Anyone here had it and overcome it without losing their entire machine (hard drive)? Needless to say he hasn't done any backups of all his stuff :rolleyes:
 
You can attempt to repair the files by starting windows setup using the original setup CD. Select "r" at the first screen to start repair. This will reset your XP installation back to its installation defaults though. :)
 
I had this error on my sisters Gateway (ancient) and it appeared after inserting a new stick of RAM. Took out the RAM booted fine.
 
You can attempt to repair the files by starting windows setup using the original setup CD. Select "r" at the first screen to start repair. This will reset your XP installation back to its installation defaults though. :)

If you press 'R', you'll go into the recovery console. Select install now and then Windows setup should see your current installation and give you the option to repair it.

Also, a repair installation will keep all programs and the registry intact. It only copies system files back to the sysroot directory.

Burnsy
 
If you press 'R', you'll go into the recovery console. Select install now and then Windows setup should see your current installation and give you the option to repair it.

Also, a repair installation will keep all programs and the registry intact. It only copies system files back to the sysroot directory.

Burnsy

Cheers... He has some 'recovery' disks from Toshiba so hopefully this will do this! And not reformat etc...


I think before I'll do it I'll get him to come around and see if I can shove his hard drive in an old 2.5" cradle I got and copy off the stuff he wants... Just incase...
 
To my knowledge the Recovery disks supplied with the machine is an image of how the computer was when it left the factory. So it will erase all data on the hard drive.
 
Put in the windows CD, boot from it and select R - and then enter chkdsk /r


Should fix it, if not run the windows repair installation
 
I had this error on my sisters Gateway (ancient) and it appeared after inserting a new stick of RAM. Took out the RAM booted fine.

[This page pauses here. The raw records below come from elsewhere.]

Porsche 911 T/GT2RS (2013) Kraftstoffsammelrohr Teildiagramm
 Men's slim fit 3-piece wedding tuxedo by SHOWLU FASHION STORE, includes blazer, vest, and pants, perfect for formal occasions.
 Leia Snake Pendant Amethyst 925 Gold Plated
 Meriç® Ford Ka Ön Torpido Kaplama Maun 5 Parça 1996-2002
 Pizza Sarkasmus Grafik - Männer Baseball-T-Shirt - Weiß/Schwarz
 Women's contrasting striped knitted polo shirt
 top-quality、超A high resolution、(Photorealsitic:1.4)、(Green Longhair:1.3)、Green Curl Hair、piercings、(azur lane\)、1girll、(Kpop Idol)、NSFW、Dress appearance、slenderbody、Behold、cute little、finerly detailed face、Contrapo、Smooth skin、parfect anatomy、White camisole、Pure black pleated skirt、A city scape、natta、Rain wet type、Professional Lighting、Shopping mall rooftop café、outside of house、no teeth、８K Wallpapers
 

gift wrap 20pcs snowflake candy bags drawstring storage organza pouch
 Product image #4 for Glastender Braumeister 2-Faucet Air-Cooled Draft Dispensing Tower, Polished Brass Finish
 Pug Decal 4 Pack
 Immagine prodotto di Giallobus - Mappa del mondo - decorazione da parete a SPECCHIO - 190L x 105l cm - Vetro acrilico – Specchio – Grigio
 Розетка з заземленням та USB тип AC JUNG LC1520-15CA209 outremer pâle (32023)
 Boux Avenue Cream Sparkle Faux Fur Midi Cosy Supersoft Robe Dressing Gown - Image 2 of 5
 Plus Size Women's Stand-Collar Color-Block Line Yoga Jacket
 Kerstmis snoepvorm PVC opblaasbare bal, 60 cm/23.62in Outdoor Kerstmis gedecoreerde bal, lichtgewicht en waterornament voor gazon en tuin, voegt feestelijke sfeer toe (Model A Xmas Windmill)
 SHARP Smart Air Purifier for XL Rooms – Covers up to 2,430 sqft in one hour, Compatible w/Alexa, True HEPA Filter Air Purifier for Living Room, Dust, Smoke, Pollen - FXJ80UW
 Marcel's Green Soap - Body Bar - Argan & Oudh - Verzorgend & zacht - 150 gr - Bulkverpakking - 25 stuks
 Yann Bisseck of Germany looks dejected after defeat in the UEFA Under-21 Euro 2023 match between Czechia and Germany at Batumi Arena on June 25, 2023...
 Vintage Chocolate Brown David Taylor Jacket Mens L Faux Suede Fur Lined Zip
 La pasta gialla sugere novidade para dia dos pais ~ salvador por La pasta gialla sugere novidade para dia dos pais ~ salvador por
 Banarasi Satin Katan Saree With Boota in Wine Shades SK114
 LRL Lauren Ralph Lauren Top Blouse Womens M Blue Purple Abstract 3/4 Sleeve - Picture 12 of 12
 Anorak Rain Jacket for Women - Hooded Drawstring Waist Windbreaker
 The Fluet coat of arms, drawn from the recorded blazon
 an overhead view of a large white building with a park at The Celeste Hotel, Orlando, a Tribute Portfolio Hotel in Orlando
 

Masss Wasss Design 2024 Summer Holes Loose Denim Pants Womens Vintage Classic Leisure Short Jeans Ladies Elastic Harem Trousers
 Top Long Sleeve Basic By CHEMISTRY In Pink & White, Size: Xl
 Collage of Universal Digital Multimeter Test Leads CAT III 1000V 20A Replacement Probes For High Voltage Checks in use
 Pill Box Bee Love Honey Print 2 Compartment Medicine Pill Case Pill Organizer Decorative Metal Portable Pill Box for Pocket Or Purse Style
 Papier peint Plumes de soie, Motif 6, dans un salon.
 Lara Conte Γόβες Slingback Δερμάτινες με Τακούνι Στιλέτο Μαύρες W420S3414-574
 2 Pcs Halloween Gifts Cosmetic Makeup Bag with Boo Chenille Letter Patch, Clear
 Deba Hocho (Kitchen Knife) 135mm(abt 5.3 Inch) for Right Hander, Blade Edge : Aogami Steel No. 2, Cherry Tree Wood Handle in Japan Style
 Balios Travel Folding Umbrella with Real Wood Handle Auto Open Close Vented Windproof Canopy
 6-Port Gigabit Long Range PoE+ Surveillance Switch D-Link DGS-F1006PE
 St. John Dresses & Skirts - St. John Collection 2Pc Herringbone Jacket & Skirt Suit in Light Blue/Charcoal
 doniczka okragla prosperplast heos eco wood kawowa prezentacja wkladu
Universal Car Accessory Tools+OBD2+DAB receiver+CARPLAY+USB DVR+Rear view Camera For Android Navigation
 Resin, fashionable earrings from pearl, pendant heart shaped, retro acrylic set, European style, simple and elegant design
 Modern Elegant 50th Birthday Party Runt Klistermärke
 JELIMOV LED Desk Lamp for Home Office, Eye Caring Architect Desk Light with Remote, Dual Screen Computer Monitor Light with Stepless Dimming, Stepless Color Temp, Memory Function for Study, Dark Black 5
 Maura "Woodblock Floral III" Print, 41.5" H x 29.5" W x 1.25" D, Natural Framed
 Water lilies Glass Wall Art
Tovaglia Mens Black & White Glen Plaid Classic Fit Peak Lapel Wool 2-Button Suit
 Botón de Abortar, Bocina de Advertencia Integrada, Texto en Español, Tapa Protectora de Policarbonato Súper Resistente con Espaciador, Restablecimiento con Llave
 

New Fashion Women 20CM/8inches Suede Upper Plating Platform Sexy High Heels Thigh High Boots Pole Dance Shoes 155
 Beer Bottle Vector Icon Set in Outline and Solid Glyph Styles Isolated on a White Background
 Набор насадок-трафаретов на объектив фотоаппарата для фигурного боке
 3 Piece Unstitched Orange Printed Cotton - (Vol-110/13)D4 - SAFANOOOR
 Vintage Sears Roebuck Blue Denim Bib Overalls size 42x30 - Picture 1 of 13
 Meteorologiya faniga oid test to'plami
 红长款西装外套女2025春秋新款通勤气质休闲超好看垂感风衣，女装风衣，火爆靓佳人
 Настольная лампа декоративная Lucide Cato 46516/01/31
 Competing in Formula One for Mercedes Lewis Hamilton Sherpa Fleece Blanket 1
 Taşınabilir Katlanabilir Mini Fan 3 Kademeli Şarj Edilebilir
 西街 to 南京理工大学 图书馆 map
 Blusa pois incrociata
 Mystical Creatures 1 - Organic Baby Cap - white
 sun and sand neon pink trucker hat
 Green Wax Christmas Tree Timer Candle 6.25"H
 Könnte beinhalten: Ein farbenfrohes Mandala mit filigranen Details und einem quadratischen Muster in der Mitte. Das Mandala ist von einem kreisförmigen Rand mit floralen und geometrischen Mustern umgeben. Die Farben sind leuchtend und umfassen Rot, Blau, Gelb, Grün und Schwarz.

Also listen to this man. If you havn't added RAM it may actually be fautly. I've had this issue before when replacing RAM in previous systems of mine. Put the new stuff in and don't set it correctly in the BIOS and all hell breaks loose.
 
Also listen to this man. If you havn't added RAM it may actually be fautly. I've had this issue before when replacing RAM in previous systems of mine. Put the new stuff in and don't set it correctly in the BIOS and all hell breaks loose.

No ram has been added (ever)...
 
To my knowledge the Recovery disks supplied with the machine is an image of how the computer was when it left the factory. So it will erase all data on the hard drive.

This is my fear...

If I can get a copy of XP Home (which is what this laptop is using) can I use the repair option from that? (Rather than the "take off and nuke the entire site from orbit" approach of the Toshiba recovery discs)
 
If it's an OEM copy, the COA (containing the product key) will be affixed to the machine somewhere. If it's not, it's not licenced.

Burnsy
 
Cheer for all the help! He'll be dropping it off next week when the battle will commence!

Thanks again!
 
Before doing anything further, if i was you i would run Memtest from a floppy or CD to check the ram. Something caused this to happen in the first place, and it shows all the classic signs of ram going belly up. It will be a complete waste of time trying to do any install/recovery with faulty ram in place. For the same reason, i would remove the hard drive and just get the important Data off of it for your brother. As has been said, "recovery discs" are images, so it will wipe the hard drive.
 
Before doing anything further, if i was you i would run Memtest from a floppy or CD to check the ram. Something caused this to happen in the first place, and it shows all the classic signs of ram going belly up. It will be a complete waste of time trying to do any install/recovery with faulty ram in place. For the same reason, i would remove the hard drive and just get the important Data off of it for your brother. As has been said, "recovery discs" are images, so it will wipe the hard drive.

OK.. Will do...

Would the faulty RAM be causing this error full stop, or have caused this error on the hard drive? ie: If it is the RAM at fault, would replacing it solve it, or is a repair/re-install still going to be needed no matter what?
 
I used to get this with my old Iwill KK266 rig every few months and recovering it was never the easiest thing to do. I used to just do a reinstall in the end.
 
OK.. Will do...

Would the faulty RAM be causing this error full stop, or have caused this error on the hard drive? ie: If it is the RAM at fault, would replacing it solve it, or is a repair/re-install still going to be needed no matter what?

Faulty ram will cause the drive to become corrupted, hence the error your brother is seeing. As i said, run Memtest to confirm this. If Memtest confirms it, then replace the ram. Once the ram is replaced, then try booting into Windows and see if the errror is still there. If it is, then a re-install/re-image is your best option. Either way, get the data off the drive first.